FullyConnected¶
Warning
This operator was deprecated in TensorRT 8.4; use the MatrixMultiply operator instead.
Computes a matrix-vector product between two input tensors and adds an optional bias tensor to produce an output tensor.
Attributes¶
num_output_channels The number of output channels k
from the fully connected layer.
W: weights of type T1
bias optional: bias of type T1
Inputs¶
A: tensor of type T1
Outputs¶
B: tensor of type T1
Data Types¶
T1: float32
Shape Information¶
n
: the rank of A, \(n \geq 3\)
k
: the number of the output channels
A is a tensor of shape \([A_0,...,A_n]\)
W is a tensor of shape \([k, A_{n-2} \cdot A_{n-1} \cdot A_n]\)
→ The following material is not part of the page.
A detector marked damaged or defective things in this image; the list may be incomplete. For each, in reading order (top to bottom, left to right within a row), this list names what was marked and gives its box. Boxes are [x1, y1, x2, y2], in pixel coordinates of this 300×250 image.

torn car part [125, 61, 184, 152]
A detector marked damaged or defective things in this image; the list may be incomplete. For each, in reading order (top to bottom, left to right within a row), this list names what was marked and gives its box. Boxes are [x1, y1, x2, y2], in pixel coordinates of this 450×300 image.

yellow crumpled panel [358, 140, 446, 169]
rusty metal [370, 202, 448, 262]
bias is a tensor of shape \([k]\)
B is a tensor of shape \([A_0,...,A_{n-3},k,1,1]\)
Examples¶
FullyConnected
input_shape = [1, 3, 3, 3]
in1 = network.add_input("input1", dtype=trt.float32, shape=input_shape)
num_filter = 2
w = np.array([[1.0], [2.0]], np.float32)
w = np.tile(w, np.prod(input_shape, where=[False, True, True, True]))
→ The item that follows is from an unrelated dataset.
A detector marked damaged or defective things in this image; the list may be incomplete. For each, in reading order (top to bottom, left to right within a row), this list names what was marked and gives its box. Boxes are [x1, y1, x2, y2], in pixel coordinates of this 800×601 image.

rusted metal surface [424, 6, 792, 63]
layer = network.add_fully_connected(in1, num_filter, trt.Weights(w))
network.mark_output(layer.get_output(0))
inputs[in1.name] = np.array([[[[-3.0, -2.0, -1.0], [10.0, -25.0, 0.0], [1.0, 2.0, -2.0]]]])
outputs[layer.get_output(0).name] = layer.get_output(0).shape
expected[layer.get_output(0).name] = np.array([[[[-20.0]], [[-40.0]]]])
C++ API¶
For more information about the C++ IFullyConnectedLayer operator, refer to the C++ IFullyConnectedLayer documentation.
Python API¶
For more information about the Python IFullyConnectedLayer operator, refer to the Python IFullyConnectedLayer documentation.